Keywords: ensemble perception, face perception, foveal occlusion, statistical summary

Introduction

Our visual world is composed of complex information that is continually changing from moment to moment. Any given scene contains a wealth of visual information—pebbles on a beach, leaves on a tree, faces in a crowded room—yet limitations on our attention and short-term memory prevent us from processing every detail (Duncan, Ward, & Shapiro, 1994; Luck & Vogel, 1997; Myczek & Simons, 2008). One way in which the visual system is able to efficiently process this information is by extracting summary statistics (e.g., the average) of a given stimulus feature across an array of objects through a process known as ensemble perception (for reviews, see Alvarez, 2011; Fischer & Whitney, 2011; Haberman, Harp, & Whitney, 2009; Haberman & Whitney, 2011). A large body of evidence has shown that the visual system can rapidly extract the mean of stimulus features such as orientation (Ariely, 2001; Dakin & Watt, 1997; Parkes, Lund, Angelucci, Solomon, & Morgan, 2001), size (Ariely, 2001; Carpenter, 1988; Chong & Treisman, 2003), and motion direction (Watamaniuk & Sekuler, 1992). In recent years, further research on the topic has demonstrated that observers can perceive the mean features from complex objects, such as crowd heading from point-light walkers (Sweeny, Haroz, & Whitney, 2013), emotions from sets of faces (Haberman et al., 2009; Haberman & Whitney, 2007; Ji et al., 2013; Ji, Chen, & Fu, 2014; Jung et al., 2013; Yang, Yoon, Chong, & Oh, 2013), facial identity (de Fockert & Wolfenstein, 2009; Haberman & Whitney, 2007; Yamanashi Leib et al., 2014; Yamanashi Leib et al., 2012), crowd gaze direction (Cornelissen, Peters, & Palmer, 2002; Sweeny & Whitney, 2014), and auditory tone (Piazza, Sweeny, Wessel, Silver, & Whitney, 2013). However, it remains a debated question whether ensemble perception of high-level visual stimuli, such as faces, can be accomplished covertly or if it requires overt, sequential foveation of objects before an ensemble representation can be extracted.

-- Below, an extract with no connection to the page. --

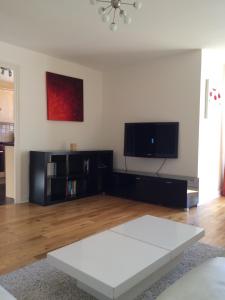 a living room with a white table and a flat screen tv at Beautiful Kingston apartment in Kingston upon Thames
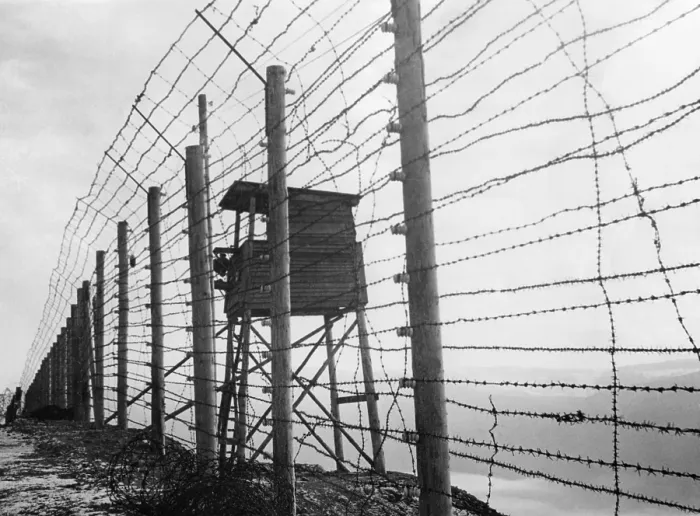 Framed Print : Electrified barbed wire fence and guard house at Struthof Concentration Camp near Natzweiler, France. The evacuated camp was discovered by the American Army, on Nov. 23, 1944 Framed Print : Electrified barbed wire fence and guard house at Struthof Concentration Camp near Natzweiler, France. The evacuated camp was discovered by the American Army, on Nov. 23, 1944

Ensemble perception could result from a covert process in which coarse but sufficient information is gathered from the periphery to generate an ensemble percept (Fischer & Whitney, 2011; Haberman et al., 2009; Sherman, Evans, & Wolfe, 2012). Consistent with this, ensemble perception of simple features (e.g., size, orientation) has been shown with a range of brief stimulus durations (from 50 to 500 ms; cf. Ariely, 2001; Dakin & Watt, 1997; Parkes et al., 2001), providing some support for the covert account, as the stimulus durations are often shorter than the time required to plan a saccade (approximately 200 ms; Carpenter, 1988). In addition, more recent evidence demonstrates ensemble perception of more complex features with brief stimulus durations. For instance, Sweeny and colleagues (2013) demonstrated that observers can extract the average heading from groups of point-light walkers with durations as short as 200 ms, and Yang and colleagues (2013) showed ensemble processing of emotional faces with a 100 ms stimulus duration. However, in the absence of sufficient time to make an eye movement, it is impossible to determine the contribution or potential necessity of foveal input to ensemble perception.

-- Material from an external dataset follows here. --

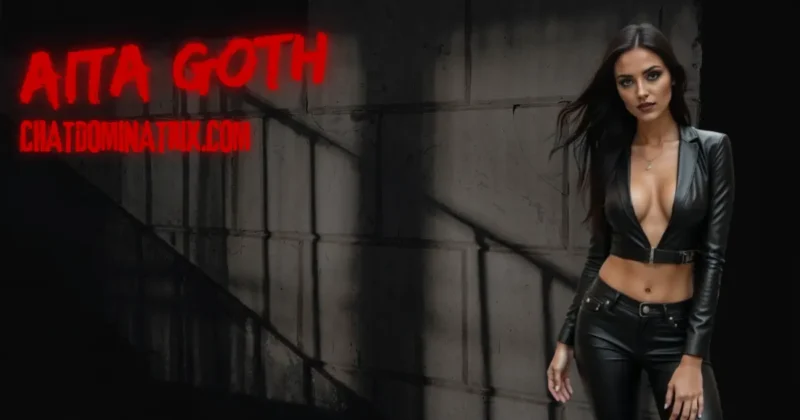 Aita Goth in black leather dominatrix attire, standing in shadow against a dungeon wall, neon red text reading ‘AITA GOTH’ and ‘chatdominatrix.com’ glows above her. A seductive visual for the ultimate Femdom guide to strap-on training, pegging dominance, and erotic power exchange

Conversely, ensemble perception might rely on an overt process, where sequentially fixated stimuli are averaged. Indeed, recent experiments suggest a dominant, if not necessary, role for foveally presented faces when extracting ensemble expression or identity (Ji et al., 2013, 2014; Jung et al., 2013). Simply put, it has been suggested that ensemble perception of expression or identity requires sequential foveation of each face in the set, and that peripheral or global information is neither required nor used. The drawback of all of the studies above—whether they support overt or covert ensemble representations—is that they are indirect tests. The most direct test for the necessity of foveal input when extracting ensemble crowd expression is to simply block the fovea in a gaze contingent manner. If, in fact, ensemble perception of expression is dependent on individual foveation of faces within the group, subjects' ensemble percept should be less accurate without foveal information.

To test this, we performed such a series of experiments in which subjects were asked to report the average emotion of a group of faces without foveal input. Using high-speed eye tracking and gaze-contingent stimulus control, we occluded the central 2.6° of the visual field, entirely blocking foveal input. Subjects performed an ensemble perception task in which they were asked to report the mean emotion of a group of faces by matching a test face to the previously seen group. We compared subjects' performance when the foveal occluder was present to a control condition in which the occluder was absent; if foveal information is not necessary, we would expect identical performance in the two conditions. In a second experiment, we utilized a subset design to measure how much face information observers are able to integrate from the display with and without foveal input.

Experiment 1. Ensemble perception of facial emotion with and without gaze-contingent foveal occlusion

To test the role of foveal input in creating an ensemble percept, we performed an experiment in which subjects were asked to determine the mean emotion of an array of 24 emotional faces (Figure 1). In one condition, subjects were able to freely view the stimulus array without interference, during which their eye movements were recorded. In a second condition, using online gaze position data from the eye tracker, we occluded the foveal region of the visual field. The occluder (Figure 1c) consisted of a white patch with a flattened Gaussian luminance profile (to blend seamlessly into the background), resulting in a circular area (2.6° in diameter) of full occlusion. Subjects matched the mean emotion of the presented faces in both conditions by scrolling through the entire face pool (Figure 1b; 147 total faces) using the method of adjustment, and clicking on the matching face.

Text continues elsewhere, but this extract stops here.